第2話 『花の騎士』マウリシオ。
今回は摂政殿下マウリシオ視点。
茶番だ。それは判っている。
否、それが判っているからこそ、演技というものにも、身が入らない。
私の悪い癖だ。
そもそも、本来ならば、兄である国王陛下がこの役目を果たすべきところではあったのだが、奴め、演技であってもお気に入りだった聖女に偽物の宣告を申し渡すのは忍びない、などと言い出して外遊に逃げおった。
私だって、自ら叙任した聖女に追放宣告など、やりたくなどないのだ。
それは、確かに『花園』への帰還に過ぎないかもしれないが、世俗との永遠の別れと同義であるが故に。

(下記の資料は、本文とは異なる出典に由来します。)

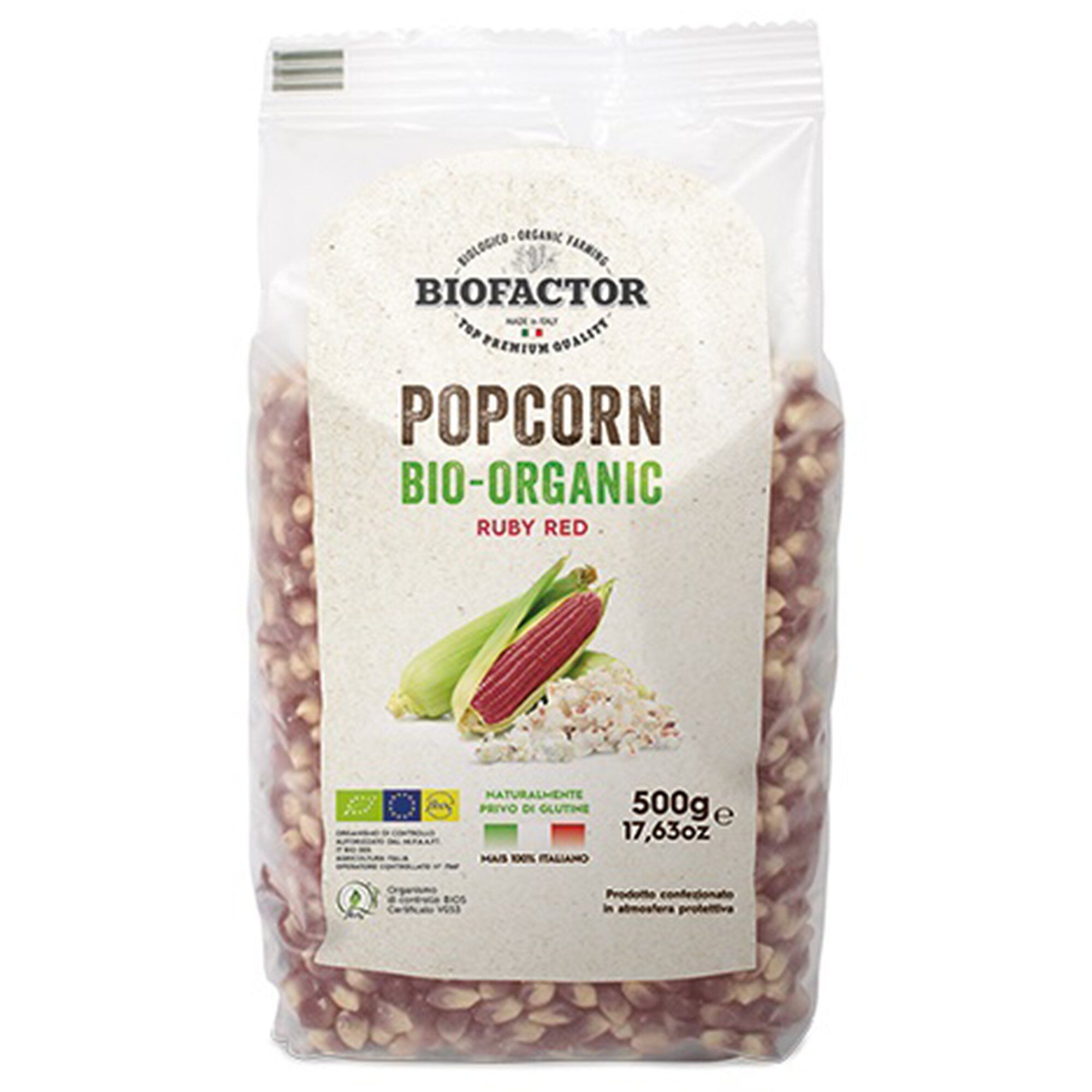 Biofactor Økologiske popcorn, 500 g, rød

今代の聖女は、元を辿れば庶民の間に零れ落ちた種から花開いた娘だった。
長い歴史の中であれば、聖女の血筋の家系が没落して庶民の間に埋もれて行くこともある。
またはその血を引く男が戯れで種をばら撒いていたり、などという不始末も、案外そこら辺に転がっている話ではある。
故に、それ自体は不思議ではない。
ただ、今代の聖女、グレシア嬢は、随分と『花園』に気に入られていた。
そして、花守である私たち王家の者からも。
この国、オルフェリアは『聖なる花園』を中心として発展してきた国だ。
国の民からはただ、『花園』と呼ばれる場所から得られる各種の薬草、香草、それらは他国には一切存在しないものであるが故、この国の外では、常に高値を付け続けている。

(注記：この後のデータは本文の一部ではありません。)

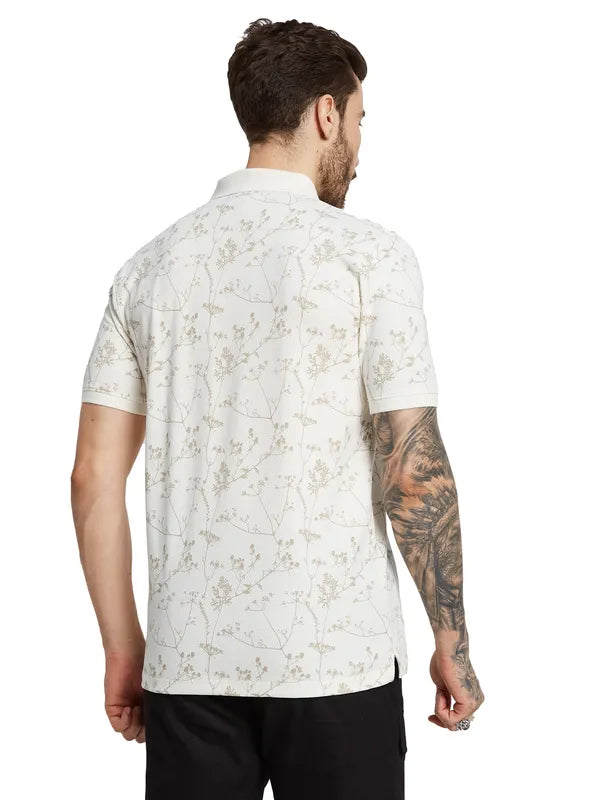 Octave Men Floral Polo Collar Pockets T-Shirt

のみならず、国の境を定めた時から、この国全土が『聖なる花園』の眷属の地、として『花園』の力に守られている。
幾度も侵攻を試みた国や宗教勢力はあったが、全てこの『花園』の力が拒むことで、彼らは越境すらままならず、そしてやがて自国の不作凶作にあえぎ、ある国は滅び、ある宗教は廃れ果てていった。

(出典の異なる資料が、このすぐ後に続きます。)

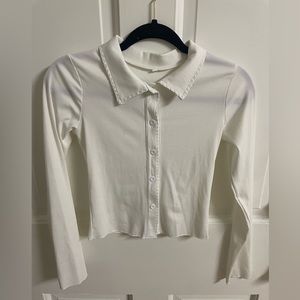 White Long Sleeve Polo size small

古い伝承では、この『花園』の中心で、創世神の愛し子が、ひと時の眠りに就いているのだと言われている。
真偽は定かではない。なにせ、神代の話であるうえに、歴代の聖女たちもそのような方は見た事がないと、そう述べるので。
無論、時折『花園』のほんの入り口に訪れるだけの私も、見た事も、感じ取ったこともない。
それは歴代の『花の騎士』も、記憶にある限りの皆が、そうであったのだ。
『花の騎士』たる者は、それまでの、歴代の『花の騎士』全ての記憶を、記録を、覚え引き継げるものでなくてはならない。
だから、兄ではなく、弟である私が選ばれた。
そして、次代は幼い兄の子達ではなく、未だその影形すらない、彼らの子の誰かになるはずだ。
そう、『花の騎士』は、『花園』に関わる未来をも、ある程度は見通すのだ。
だから。
最初から、今代は『花園』に戻るだろう、と、判っては、いたのだ。
茶番劇の翌日には、もういつもの通り、『花園』を訪問する。
それは、『花の騎士』としての日常、予定通りの行動。
追放劇など、なかったかのように。
実際、公式の記録には、追放刑の記述など残らない。
書かれるのはたった二種類の宣言だけだ。
『聖女は、『花園』を出ることを選び、某家預かりとなった』
『聖女は、『花園』を出ることを選ばず、その生涯を『花園』に捧げることとなった』
この、どちらかしか、記録には記されない。
この国の歴史上、そうでなかった記録は、存在しないのだ。
今代の聖女であったグレシア・マスフィルド嬢は、庶生の娘、という触れ込みではあったが、実際には市井の出であることは調査済みであった。
その割に、養父たるマスフィルド子爵は、随分と彼女を可愛がっていたという。
とはいえ、これは聖女絡みではよくある話ではある。
情が移る、というのとも違うらしい。
聖女候補であるかどうかが、見る者によっては一目で、はっきりと判ってしまうほどに、彼女たちは、人を惹きつける、らしい。
グレシア嬢のそれは、特に花守たる王族に対して顕著にそれが現れていた。
マスフィルド子爵家は今でこそ子爵家に落ち着いているが、元々王族の傍系の家系でもある。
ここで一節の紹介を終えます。